The PEP was voting that night on a plan to open two new charter schools in Brooklyn, both with the Success network, run by Eva Moskowitz, a former city councilwoman with close ties to Bloomberg and his administration. Almost everyone on the Success board hails from the hedge fund or private equity industry. The idea that the one percent could open schools in Brooklyn neighborhoods, despite intense opposition from both the public and many of its local elected officials, has provoked fury.

As the depth of Brooklyn’s opposition to the Success schools became clear, the department tried to avoid hearing from opponents or protesters altogether by moving the PEP vote from a central location in Manhattan to faraway Corona, Queens. The DOE initially claimed that this would make it easier for Queens parents to comment on proposals affecting their borough. The funny part was, there were no such proposals on the agenda.

Occupy DOE did shut down the PEP in October, and will surely do so again, though on December 14 the group decided that it would be better to let the meeting go on, since so many people wanted to speak out against the DOE proposals.

During the time allocated for public comments, Leia Petty, a young guidance counselor, asked Chancellor Dennis Walcott some direct questions (including, “Why did you move the meeting to Queens?”) Walcott refused to answer. After Petty exceeded her designated two minutes of speaking time, two white-shirted police officers came over to remove her from the meeting. As the crowd shouted, “Let her stay!” the officers backed away and did just that.
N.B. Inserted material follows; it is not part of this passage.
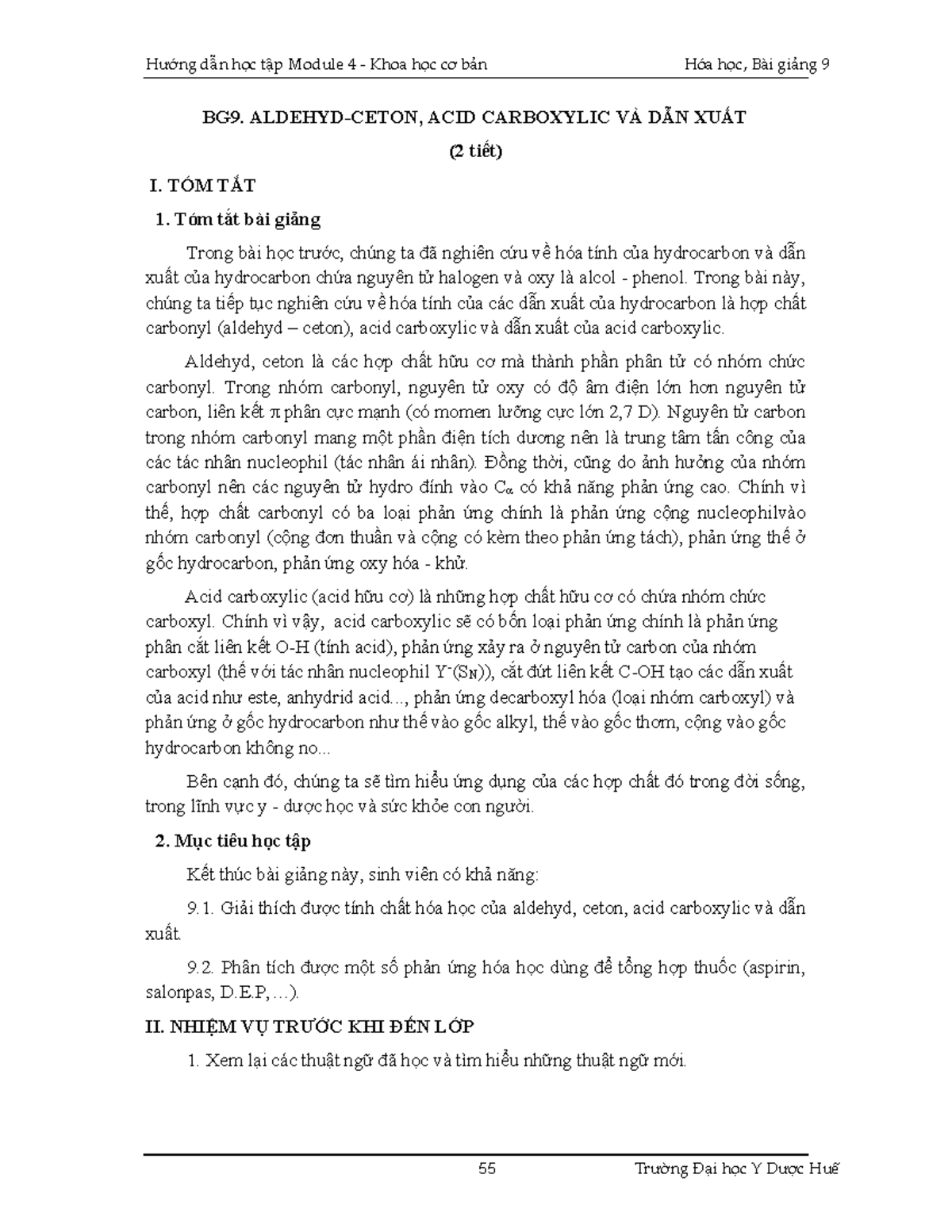 Andehit xeton axit carboxylic và dẫn xuất - BG9. ALDEHYD-CETON, ACID ...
It’s not only in New York City that the Occupy spirit has invigorated education activists. In late November Occupy Rochester, along with parents and other community activists, disruptively mic-checked a school board meeting to protest an undemocratic process for selecting a new school superintendent, a process that involved a corporate search firm. In Chicago, on the same day as the Queens PEP meeting, protesters shut down a school board meeting to protest recent failed reforms. Like New York, Chicago has been shutting down failing schools and replacing them with new ones, often charter schools. As in New York, many of the new schools perform even worse than the old ones. Parents and teachers mic checked the meeting, yelling, “You have failed Chicago’s children…. These are our children, not corporate products!” Two days later, protesters occupied the lobby of New Jersey’s Department of Education, protesting Governor Chris Christie’s efforts to open more charter schools in the state.
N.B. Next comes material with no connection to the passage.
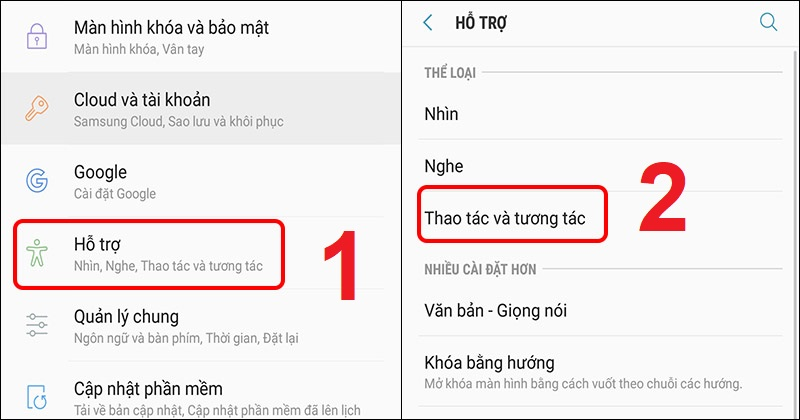 Chọn Hỗ trợ và chọn mục Thao tác và tương tác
Leia Petty, who has been active in OWS but especially in Occupy DOE, said of the education justice movement, “People have been doing this work for years but OWS has opened new possibilities for this work. It’s helped us think bolder. It feels like a whole movement, not just us.”

To be sure, the 99 percent isn’t unanimous in its opposition to the mayor’s reform agenda. At the meeting in Corona, some charter school parents spoke of their satisfaction with their children’s education. But there weren’t many of them, and Gotham Schools has reported that they’d been organized to attend by an Astroturf pro-charter organization called Families for Excellent Schools, headed by Seth Andrews, who runs Democracy Prep, a charter chain.
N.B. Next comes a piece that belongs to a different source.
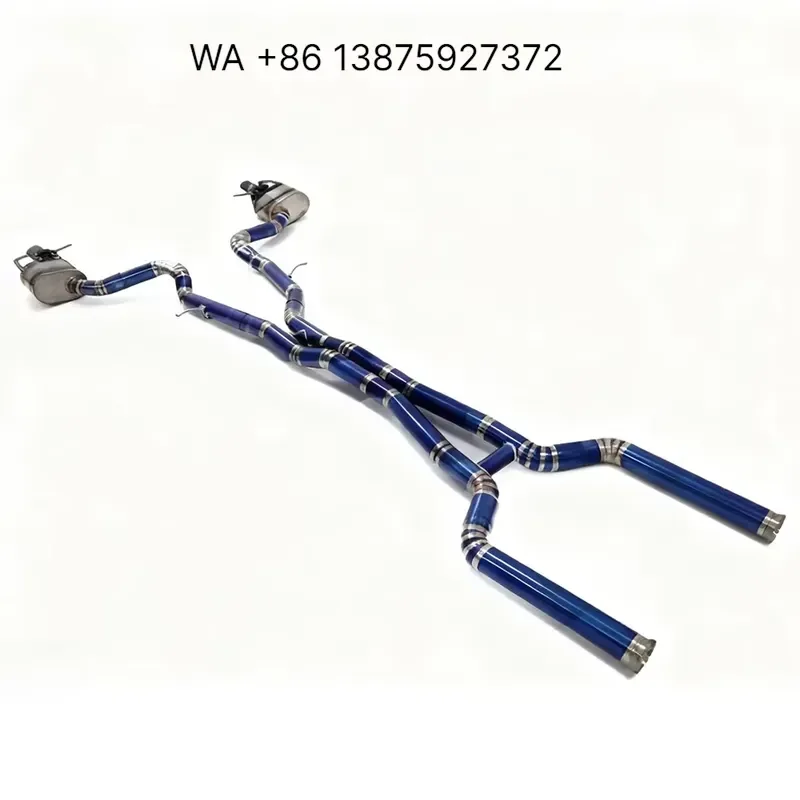Wmwmnu for GT63 X290 Luxury Modified Titanium Mid Rear Section Valved Exhaust Intelligent Valve Control Blue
The Corona meeting did indeed live up to its billing as a puppet show, as the PEP voted to approve all the mayor’s proposals as always.

But this grassroots movement to Occupy Education continues to grow. One teacher who, fearing retaliation from the department, did not want her name printed, addressed the crowd shortly before the protesters walked out of the meeting: “We need to show them what democracy looks like, because,” she pointed at the mayor’s hand-picked panel, “this is not what democracy looks like.”